Short text fragments from websites:
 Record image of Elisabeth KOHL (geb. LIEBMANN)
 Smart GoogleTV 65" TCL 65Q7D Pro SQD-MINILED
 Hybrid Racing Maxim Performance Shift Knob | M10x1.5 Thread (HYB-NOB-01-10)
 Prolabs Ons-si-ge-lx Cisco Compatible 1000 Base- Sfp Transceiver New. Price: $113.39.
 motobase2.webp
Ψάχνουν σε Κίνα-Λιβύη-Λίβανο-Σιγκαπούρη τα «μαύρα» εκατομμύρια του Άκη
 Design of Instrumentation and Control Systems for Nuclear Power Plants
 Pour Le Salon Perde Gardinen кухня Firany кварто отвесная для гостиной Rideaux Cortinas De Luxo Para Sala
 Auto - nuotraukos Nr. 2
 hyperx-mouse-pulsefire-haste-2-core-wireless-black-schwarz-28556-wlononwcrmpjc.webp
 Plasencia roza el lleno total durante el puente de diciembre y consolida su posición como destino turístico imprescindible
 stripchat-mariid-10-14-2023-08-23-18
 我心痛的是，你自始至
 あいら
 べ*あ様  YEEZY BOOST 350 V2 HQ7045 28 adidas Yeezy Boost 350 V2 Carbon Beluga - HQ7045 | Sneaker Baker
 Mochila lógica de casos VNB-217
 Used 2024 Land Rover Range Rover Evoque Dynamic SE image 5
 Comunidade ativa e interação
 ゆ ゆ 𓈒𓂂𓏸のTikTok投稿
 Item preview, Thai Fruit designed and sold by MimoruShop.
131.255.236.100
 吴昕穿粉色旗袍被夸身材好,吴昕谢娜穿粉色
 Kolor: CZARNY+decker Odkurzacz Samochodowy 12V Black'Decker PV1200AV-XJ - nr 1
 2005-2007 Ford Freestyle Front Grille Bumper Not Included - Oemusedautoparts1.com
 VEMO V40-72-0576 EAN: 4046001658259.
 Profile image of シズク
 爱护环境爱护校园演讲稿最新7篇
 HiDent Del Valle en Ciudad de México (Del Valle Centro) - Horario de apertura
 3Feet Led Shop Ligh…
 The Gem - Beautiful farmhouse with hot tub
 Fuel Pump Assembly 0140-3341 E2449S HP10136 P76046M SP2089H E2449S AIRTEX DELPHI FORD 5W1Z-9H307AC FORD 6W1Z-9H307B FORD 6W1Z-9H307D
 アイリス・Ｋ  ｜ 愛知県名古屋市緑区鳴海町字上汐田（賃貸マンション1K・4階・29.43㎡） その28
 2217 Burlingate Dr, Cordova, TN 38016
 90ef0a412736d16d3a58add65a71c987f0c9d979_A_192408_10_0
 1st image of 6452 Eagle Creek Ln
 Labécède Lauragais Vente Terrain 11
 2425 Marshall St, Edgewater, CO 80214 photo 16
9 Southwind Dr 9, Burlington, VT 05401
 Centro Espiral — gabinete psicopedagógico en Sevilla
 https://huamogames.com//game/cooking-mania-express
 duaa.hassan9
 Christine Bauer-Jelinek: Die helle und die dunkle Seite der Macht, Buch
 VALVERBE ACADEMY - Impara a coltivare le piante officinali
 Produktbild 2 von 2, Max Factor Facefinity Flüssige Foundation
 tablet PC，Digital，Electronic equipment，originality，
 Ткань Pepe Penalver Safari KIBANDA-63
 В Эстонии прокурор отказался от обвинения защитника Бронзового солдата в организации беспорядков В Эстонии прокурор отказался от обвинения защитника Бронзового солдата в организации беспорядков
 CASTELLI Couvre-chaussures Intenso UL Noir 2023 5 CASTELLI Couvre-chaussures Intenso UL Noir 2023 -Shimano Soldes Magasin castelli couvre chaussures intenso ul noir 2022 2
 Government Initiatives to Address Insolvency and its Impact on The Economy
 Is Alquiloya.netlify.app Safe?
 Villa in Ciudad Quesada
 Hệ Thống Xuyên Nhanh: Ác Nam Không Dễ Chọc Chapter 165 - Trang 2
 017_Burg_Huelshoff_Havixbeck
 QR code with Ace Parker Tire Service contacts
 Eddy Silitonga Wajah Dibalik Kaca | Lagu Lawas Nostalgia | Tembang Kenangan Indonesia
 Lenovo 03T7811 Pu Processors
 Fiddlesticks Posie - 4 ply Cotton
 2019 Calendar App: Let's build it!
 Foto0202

YOUR INSTRUCTIONS: Write out every line of the entries that holds the word "image".

WRITTEN ANSWER:
 Record image of Elisabeth KOHL (geb. LIEBMANN)
 Used 2024 Land Rover Range Rover Evoque Dynamic SE image 5
 Profile image of シズク
 1st image of 6452 Eagle Creek Ln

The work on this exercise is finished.